"Mom, MOM, wanna go check for eggs with me?!" Jack tumbles into the kitchen, a circus around my ankles.
I splash dinner's silverware into the sink, shake crumbs out of the rag, sigh at the cutting board, cheese grater, and avocado peels scattered on the counters.
"Sure." I measure out the word, blink into his blue eyes. Sloppy bowls from taco soup frame the kitchen. Still, I dry my hands, slip into shoes and red coat.
He tilts his head, "I like going," he says, "with people I love, so I want to go with you."
We step into the black night, winter air wet around our necks.
"Here, hold my hand," he encircles my cold fingers. "Just follow me," he pulls my hand over the frosty grass. "I don't want you to get lost," he says.

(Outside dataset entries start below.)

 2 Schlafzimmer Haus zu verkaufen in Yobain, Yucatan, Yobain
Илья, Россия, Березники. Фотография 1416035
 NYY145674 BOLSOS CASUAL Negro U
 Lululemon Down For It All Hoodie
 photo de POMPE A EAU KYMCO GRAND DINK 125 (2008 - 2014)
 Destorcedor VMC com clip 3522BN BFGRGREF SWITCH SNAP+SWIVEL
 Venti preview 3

His shoulders square against the moonlight, we stroll to the henhouse, creak open the nesting box to peek for eggs. None, just straw.

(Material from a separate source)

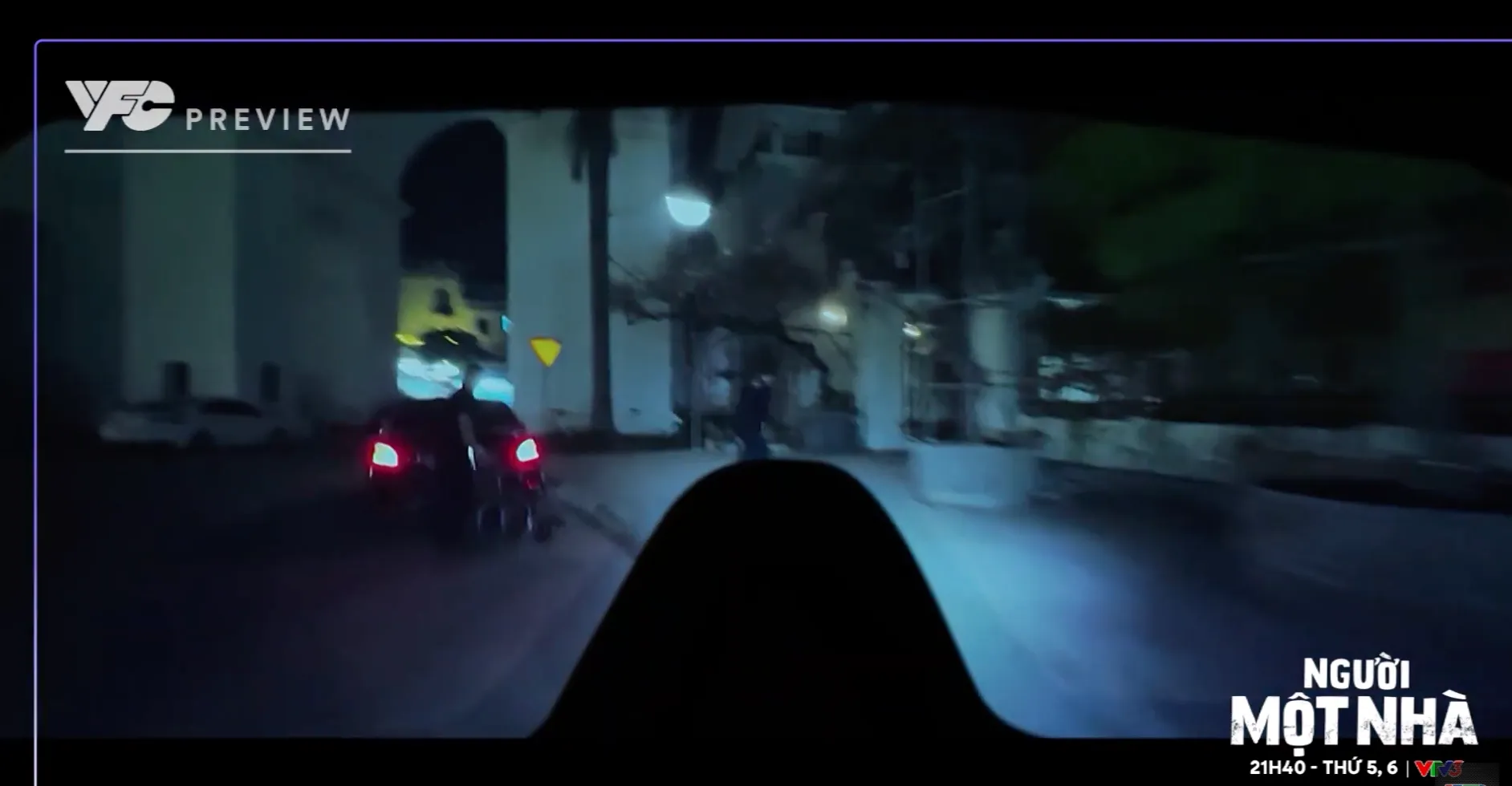 Ảnh chụp Màn hình 2024-05-02 lúc 22.41.35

And so he clunks it shut, gathers my hand, tugs us back, over the grass and into the house.
While I wipe smears of avocado off the kitchen table, slosh bowls from the sink, call for children to change into jammies, it all feels light, a comma between moments.

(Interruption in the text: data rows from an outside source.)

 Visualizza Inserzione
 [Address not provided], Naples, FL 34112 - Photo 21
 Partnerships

1801. How Jane holds up a picture of Jack's, "The question," she says, "was how do you get salvation, and Jack tried to draw a picture of a person praying."
1802. How the children take the extension cord from their alarm clock and use it to plug in the toaster at the dining room table before I'm out of bed Monday.
1803. Jane from the backseat of the car, "The candy sometimes falls on the floor, and then throughout the year we find some of it and eat it."
1804. Lucy burping one of her baby dolls, "Mom, there was a spider in one of the strollers, and I killed it with my bare hand."
1805. Laundry done in shifts, everyone helping.
1806. Learning again the importance of eye contact with the people I love.
1807. Jack's determination, "I want to be a farmer when I grow up."
1808. Lucy's wide-eyed, "Did you see me DROOL?" when I tuck her into bed. And her matter of fact, "I still sleep pretty well when I drool."
1809. Frank conversations with the people I love.
1810. Stew and a table set for us, family gathered to enjoy it.
1811. Learning when to give small acts of service to our children as tokens of love.
1812. Saying no to small expenses that add up to a lot.
1813. Learning more how my mom thinks about the world and finding it change me.
1814. Jane's scrawling on the chalk board for Craig when he gets home: I love you, Daddy. Thanks for working so hard.
1815. Homemade pizza with cold Pepsi.
1816. Lucy's exclamation, "Mom, when I get in the other kids' bean bags, they whip a banana peel at me. And it's very FUN."
1817. My resolution to let banana peel-whipping be on the list of things I call now fun.
1818. An imperceptible shift toward being a little less sharp, a little more willing to let things go.